A distanza di cinquant’anni mi sono ritrovato ad essere coinvolto in una gara di idee tuttora valida che ha risvegliato la mia curiosità, grazie a Claudio Leone e Alessandro Coluccelli, che mi ha ritrovato su Facebook.
Ma procediamo con ordine, partendo dal passato. Di cosa si discuteva mezzo secolo fa? Il discorso principale riguardava la struttura giuridica dell’Europa: federazione di Stati tipo USA con unico Parlamento Centrale oppure confederazione di Stati Indipendenti? Il CIME (Consiglio Italiano Movimento Europeo), presieduto da Giuseppe Petrilli organizzò diversi convegni (anche della stampa studentesca) a favore della Federazione. La prospettiva idealistica era quella di creare una Europa dei popoli. Ma come incominciare a intendersi dal momento che ogni Stato restava legato alla sua lingua nazionale? Si pensò a una lingua comune, chiamata “esperanto”, che non risiedesse in nessuna parlata nazionale ma che potesse essere parlata da tutti, secondo la concezione dantesca nel “De Vulgari Eloquentia”.

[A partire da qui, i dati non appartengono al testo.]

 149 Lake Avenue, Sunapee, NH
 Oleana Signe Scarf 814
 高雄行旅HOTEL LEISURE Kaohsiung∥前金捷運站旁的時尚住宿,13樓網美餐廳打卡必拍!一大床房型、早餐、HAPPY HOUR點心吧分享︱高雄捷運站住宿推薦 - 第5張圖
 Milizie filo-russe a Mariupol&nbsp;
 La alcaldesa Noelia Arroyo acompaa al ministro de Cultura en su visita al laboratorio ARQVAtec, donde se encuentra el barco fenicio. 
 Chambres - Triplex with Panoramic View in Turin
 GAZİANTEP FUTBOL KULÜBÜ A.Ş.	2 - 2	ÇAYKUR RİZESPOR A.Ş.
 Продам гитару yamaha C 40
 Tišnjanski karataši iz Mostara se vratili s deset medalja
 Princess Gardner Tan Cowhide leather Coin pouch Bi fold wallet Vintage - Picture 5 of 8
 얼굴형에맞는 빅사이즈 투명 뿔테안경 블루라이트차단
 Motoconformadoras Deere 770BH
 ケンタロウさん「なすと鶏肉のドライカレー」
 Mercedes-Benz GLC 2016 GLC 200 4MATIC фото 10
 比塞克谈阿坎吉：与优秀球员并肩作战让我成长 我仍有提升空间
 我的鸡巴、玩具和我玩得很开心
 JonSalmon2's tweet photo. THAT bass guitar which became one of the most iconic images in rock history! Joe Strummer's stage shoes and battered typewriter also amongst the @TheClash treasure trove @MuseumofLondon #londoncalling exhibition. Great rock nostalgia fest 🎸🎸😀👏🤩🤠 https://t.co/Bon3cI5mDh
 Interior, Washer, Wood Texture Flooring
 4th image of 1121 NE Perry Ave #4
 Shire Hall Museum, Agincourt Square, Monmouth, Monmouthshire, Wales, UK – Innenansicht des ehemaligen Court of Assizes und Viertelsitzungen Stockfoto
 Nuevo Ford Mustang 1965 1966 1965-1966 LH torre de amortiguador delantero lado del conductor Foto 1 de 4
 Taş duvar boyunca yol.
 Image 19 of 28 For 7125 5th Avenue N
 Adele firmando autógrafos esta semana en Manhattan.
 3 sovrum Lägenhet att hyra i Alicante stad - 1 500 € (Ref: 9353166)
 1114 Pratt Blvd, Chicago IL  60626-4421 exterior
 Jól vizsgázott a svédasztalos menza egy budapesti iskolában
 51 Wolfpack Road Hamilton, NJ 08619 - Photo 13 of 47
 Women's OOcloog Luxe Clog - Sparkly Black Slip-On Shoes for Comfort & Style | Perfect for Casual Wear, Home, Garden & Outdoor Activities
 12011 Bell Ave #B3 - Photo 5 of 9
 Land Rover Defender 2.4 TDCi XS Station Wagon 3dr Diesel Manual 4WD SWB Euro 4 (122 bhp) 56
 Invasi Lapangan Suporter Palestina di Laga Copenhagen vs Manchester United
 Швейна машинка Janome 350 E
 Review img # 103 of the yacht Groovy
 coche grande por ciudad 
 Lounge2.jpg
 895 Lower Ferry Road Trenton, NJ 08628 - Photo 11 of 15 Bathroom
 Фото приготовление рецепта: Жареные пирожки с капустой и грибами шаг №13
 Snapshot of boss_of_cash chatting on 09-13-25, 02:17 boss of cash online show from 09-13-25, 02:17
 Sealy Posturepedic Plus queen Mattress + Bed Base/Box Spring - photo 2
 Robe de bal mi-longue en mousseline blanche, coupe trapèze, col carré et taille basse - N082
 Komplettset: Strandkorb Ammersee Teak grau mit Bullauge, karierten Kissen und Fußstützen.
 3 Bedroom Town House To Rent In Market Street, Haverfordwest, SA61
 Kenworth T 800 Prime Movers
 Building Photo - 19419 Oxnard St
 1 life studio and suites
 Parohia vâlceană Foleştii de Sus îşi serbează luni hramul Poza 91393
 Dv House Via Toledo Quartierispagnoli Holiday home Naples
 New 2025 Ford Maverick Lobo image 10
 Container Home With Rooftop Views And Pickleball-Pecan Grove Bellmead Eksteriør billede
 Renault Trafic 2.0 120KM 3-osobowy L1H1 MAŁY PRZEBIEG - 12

Mi fermo a queste prime due idee per osservare come sono state tradotte nella nostra realtà dopo mezzo secolo. Per tanti motivi, che qui sarebbe lungo elencare, l’Europa dei nostri giorni non è né carne né pesce, cioè non è né federazione né confederazione di Stati indipendenti. Esiste un Parlamento che emana direttive, una commissione che dovrebbe avere il potere esecutivo e una pletora di commissioni che di volta in volta in base
all’argomento riunisce i vari ministri nazionali. Ogni giorno, ogni mese, ogni anno si accumulano direttive, raccomandazioni, pareri e altre forme di comunicazioni che nello spirito europeo dovrebbero essere cogenti ma che poi si risolvono in un nulla di fatto. In questa direzione mi sembra assai utile l’idea dell’Associazione TUTTI di essere informata su tutte le attività degli organismi istituzionali europei per esercitare una reale partecipazione del popolo.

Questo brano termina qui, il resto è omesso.